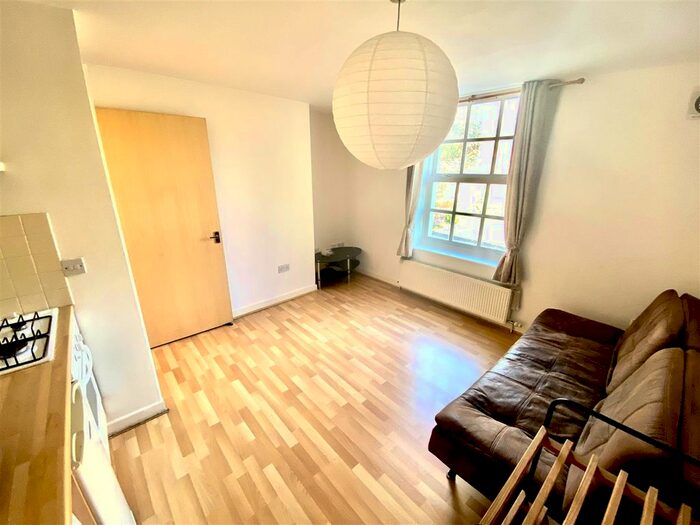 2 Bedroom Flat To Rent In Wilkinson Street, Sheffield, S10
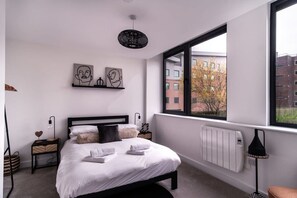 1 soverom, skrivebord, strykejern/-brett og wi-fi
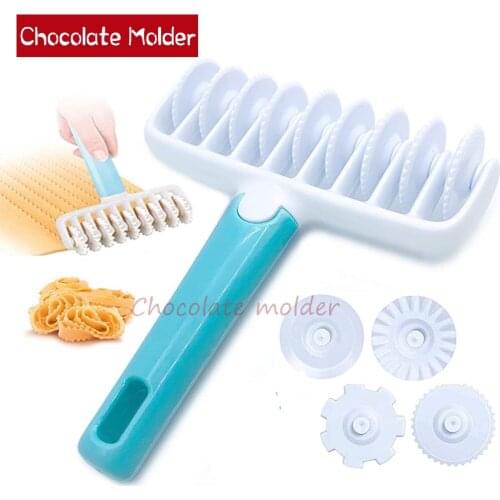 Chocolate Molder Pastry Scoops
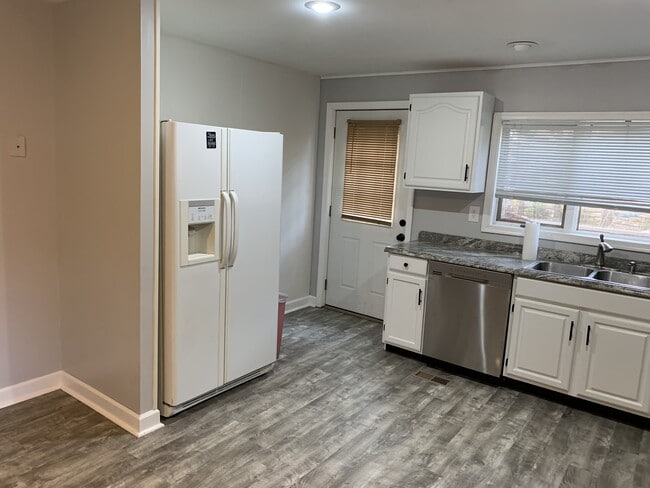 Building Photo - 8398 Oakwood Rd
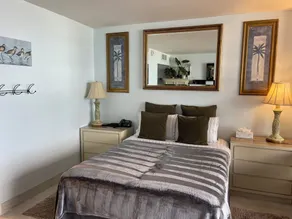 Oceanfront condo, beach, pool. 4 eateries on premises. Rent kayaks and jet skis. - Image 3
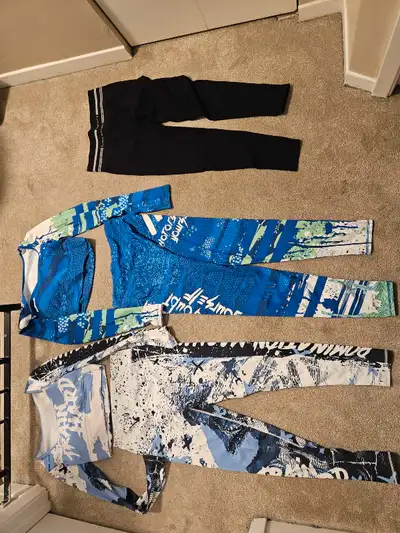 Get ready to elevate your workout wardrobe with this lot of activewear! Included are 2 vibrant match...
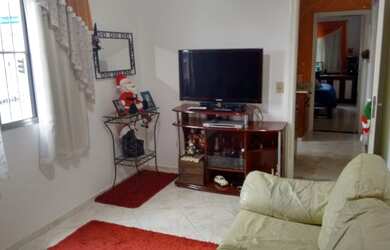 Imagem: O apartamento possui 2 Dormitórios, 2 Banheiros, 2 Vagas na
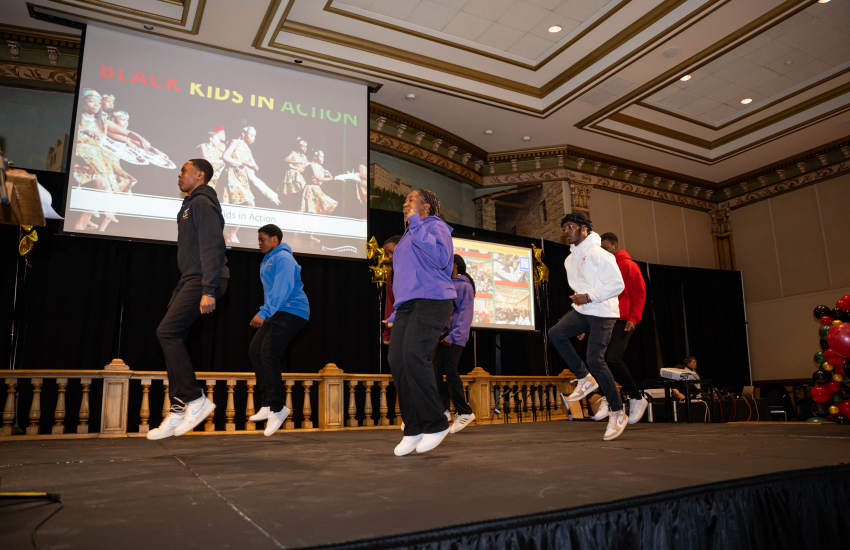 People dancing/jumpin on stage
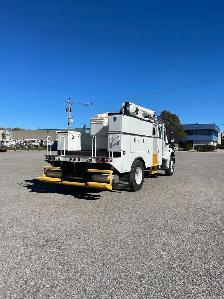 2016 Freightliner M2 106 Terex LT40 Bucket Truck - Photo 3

==

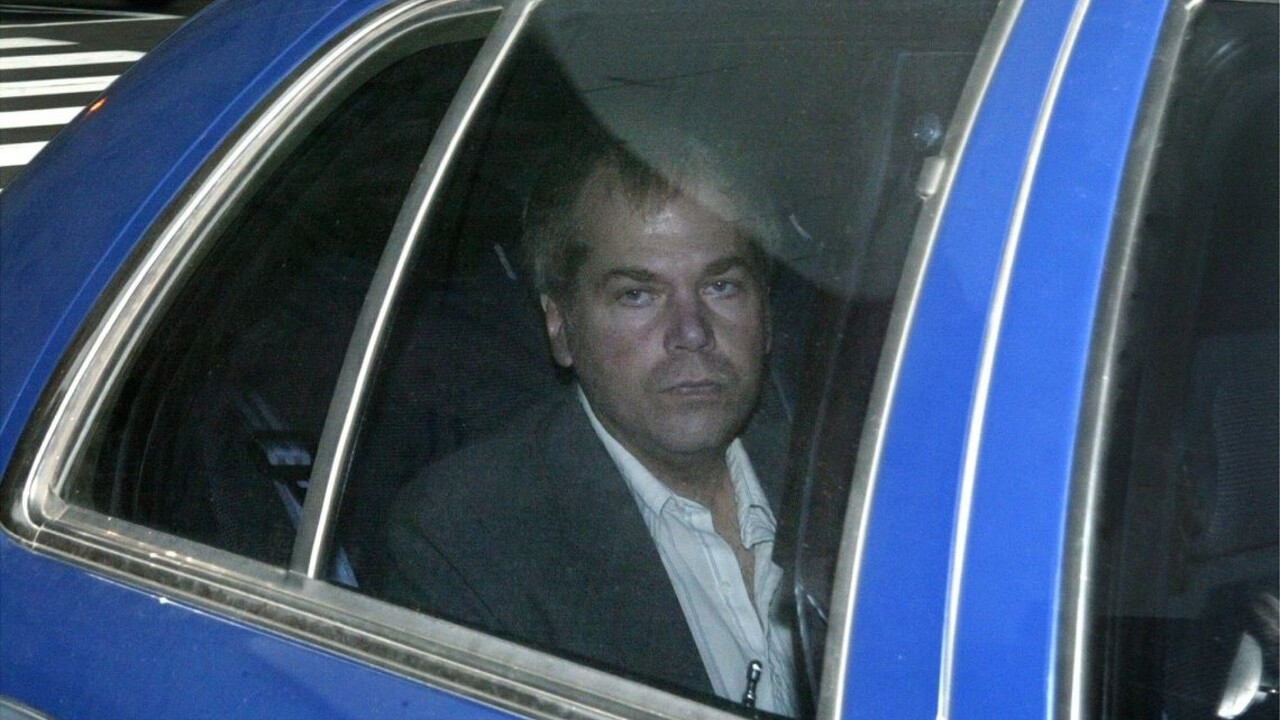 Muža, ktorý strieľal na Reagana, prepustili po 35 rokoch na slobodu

(Exercise description): Reproduce the data above exactly, but only from the line containing "Building Photo - 8398 Oakwood Rd" through the line containing "2016 Freightliner M2". Omit all pictures.

(Answer to this exercise):
 Building Photo - 8398 Oakwood Rd
 Oceanfront condo, beach, pool. 4 eateries on premises. Rent kayaks and jet skis. - Image 3
 Get ready to elevate your workout wardrobe with this lot of activewear! Included are 2 vibrant match...
 Imagem: O apartamento possui 2 Dormitórios, 2 Banheiros, 2 Vagas na
 People dancing/jumpin on stage
 2016 Freightliner M2 106 Terex LT40 Bucket Truck - Photo 3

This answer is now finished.